• [Activity]: Starting at the line containing "middle school student mathwork at whiteboard" and ending at the line containing "Children with stuffed", transcribe the listing below exactly. Keep both end lines, skip the pictures, and copy nothing else.
==== Supplied material ====
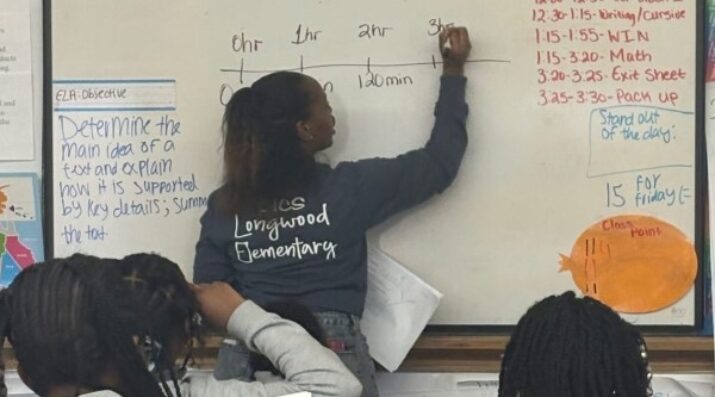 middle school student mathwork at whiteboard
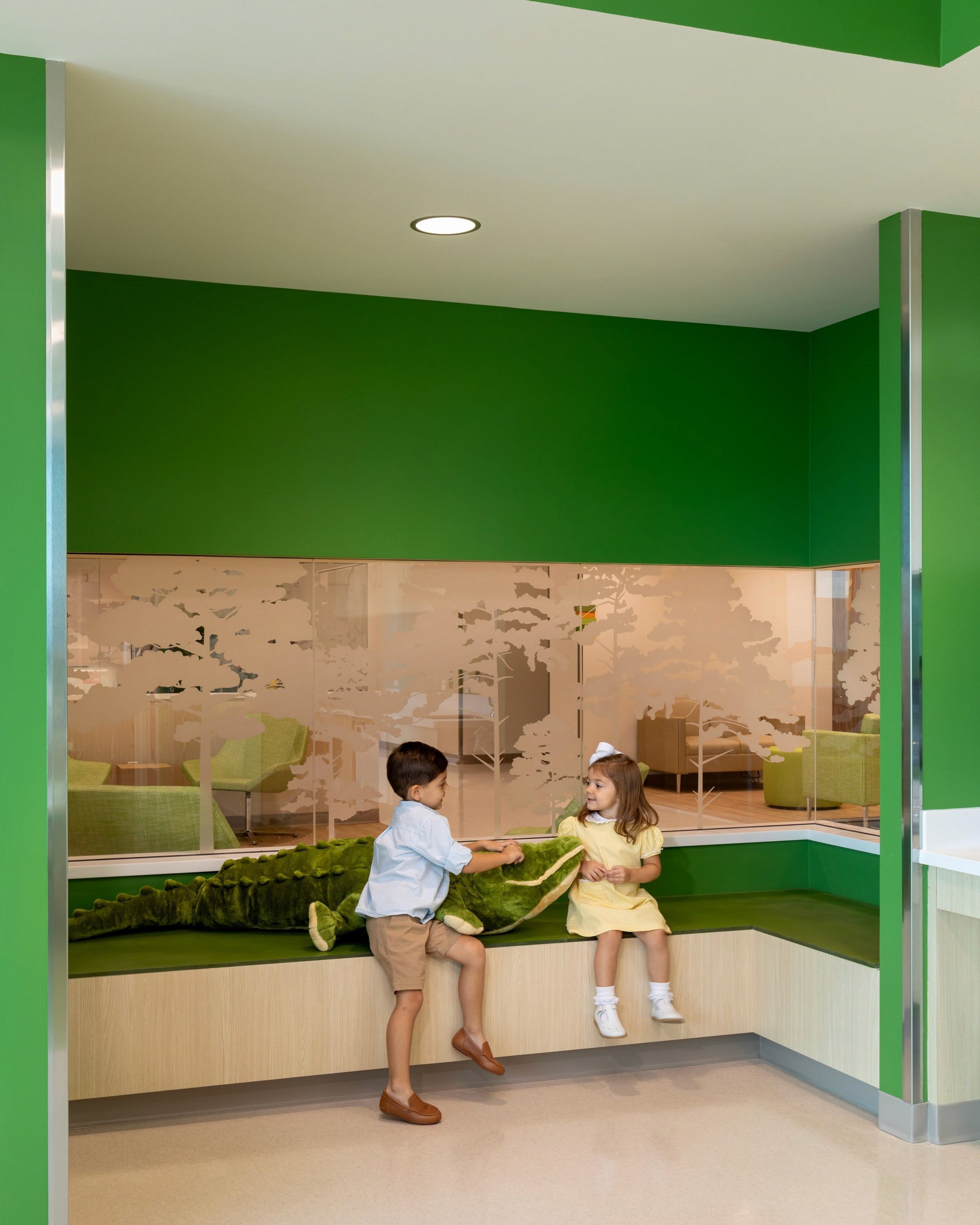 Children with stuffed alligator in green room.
====
==== Supplied material ====
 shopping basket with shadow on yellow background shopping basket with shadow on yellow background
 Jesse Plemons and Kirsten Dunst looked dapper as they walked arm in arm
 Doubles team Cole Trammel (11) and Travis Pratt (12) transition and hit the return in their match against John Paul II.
====
• [Solution to the problem]:
 middle school student mathwork at whiteboard
 Children with stuffed alligator in green room.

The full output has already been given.